Task directions: Whenever the word "room" occurs in a line of the material below, that line is counted. Report only the count.

Dataset records:
▶
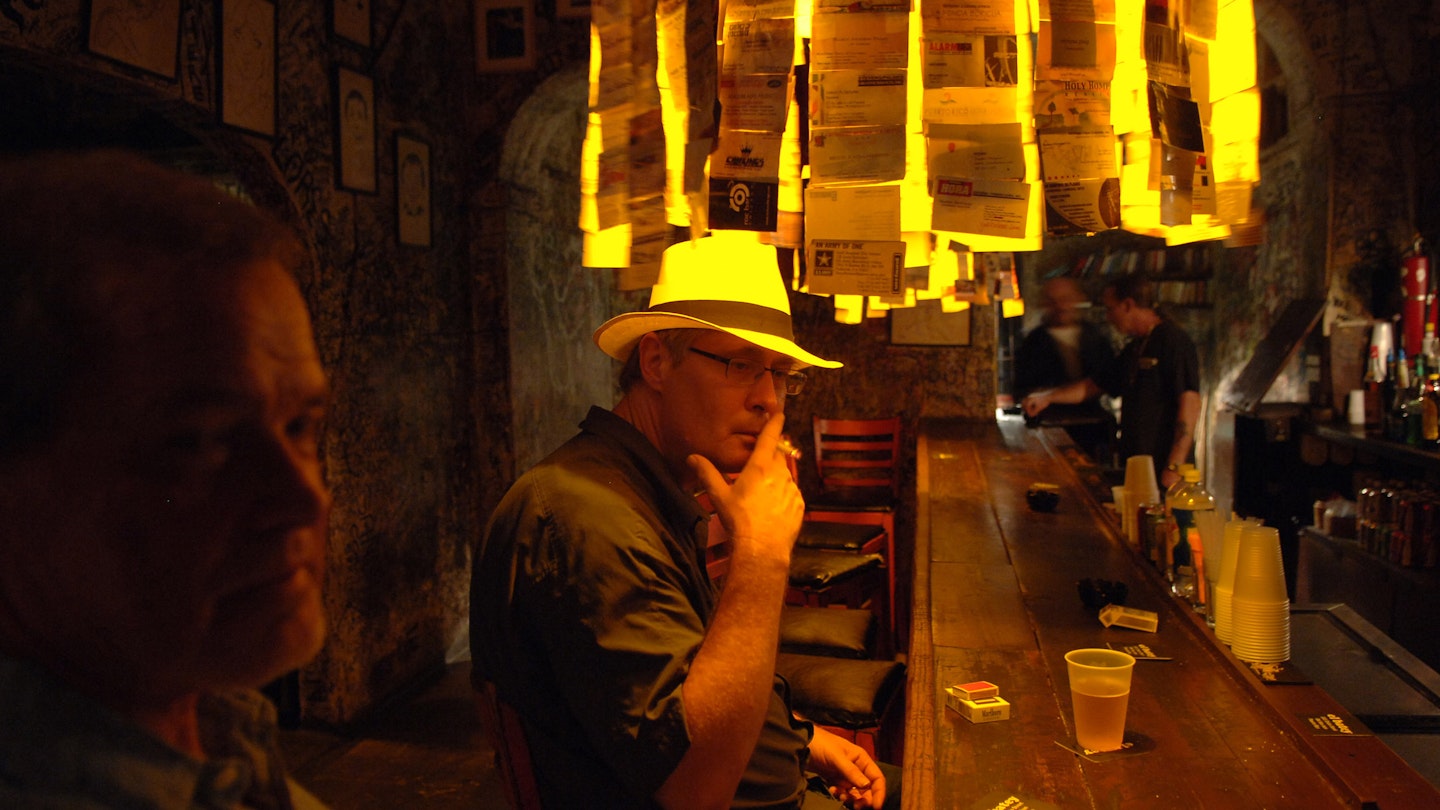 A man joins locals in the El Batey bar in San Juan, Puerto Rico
◀
▶
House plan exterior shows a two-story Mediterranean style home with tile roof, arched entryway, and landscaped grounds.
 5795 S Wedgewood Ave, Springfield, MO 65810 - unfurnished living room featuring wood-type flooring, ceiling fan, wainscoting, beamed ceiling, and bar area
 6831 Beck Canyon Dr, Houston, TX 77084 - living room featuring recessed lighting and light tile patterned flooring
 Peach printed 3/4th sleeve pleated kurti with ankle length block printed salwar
◀
▶
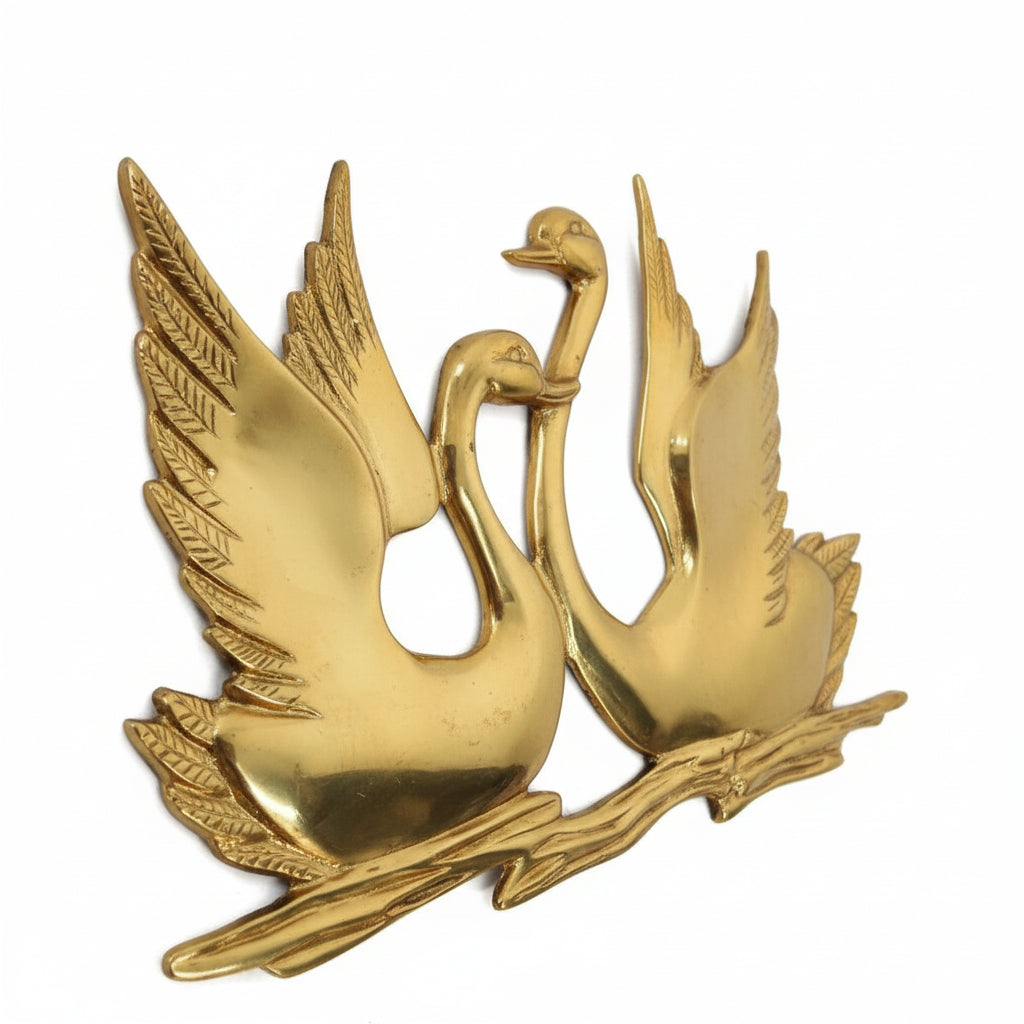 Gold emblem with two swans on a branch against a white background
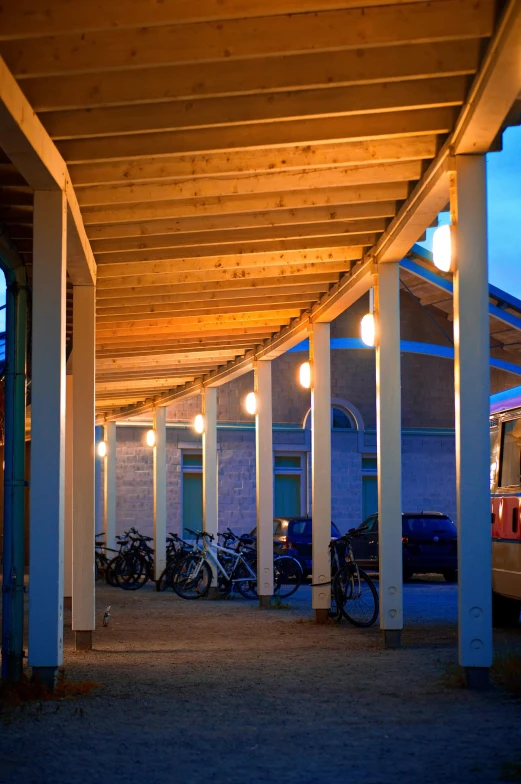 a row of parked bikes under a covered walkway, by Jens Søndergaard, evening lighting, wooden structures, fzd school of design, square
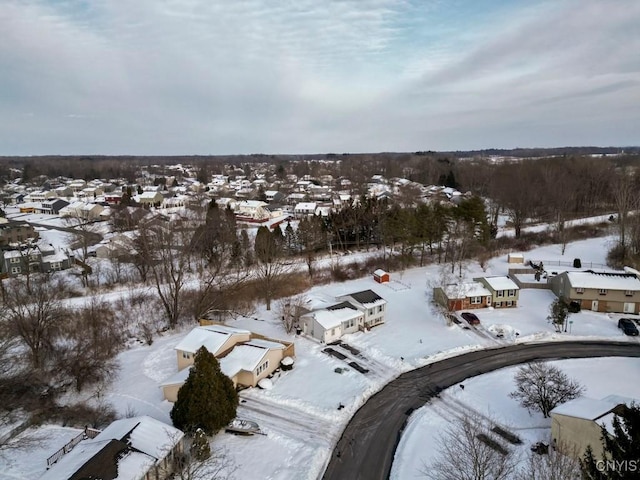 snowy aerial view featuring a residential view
◀
Solution: 2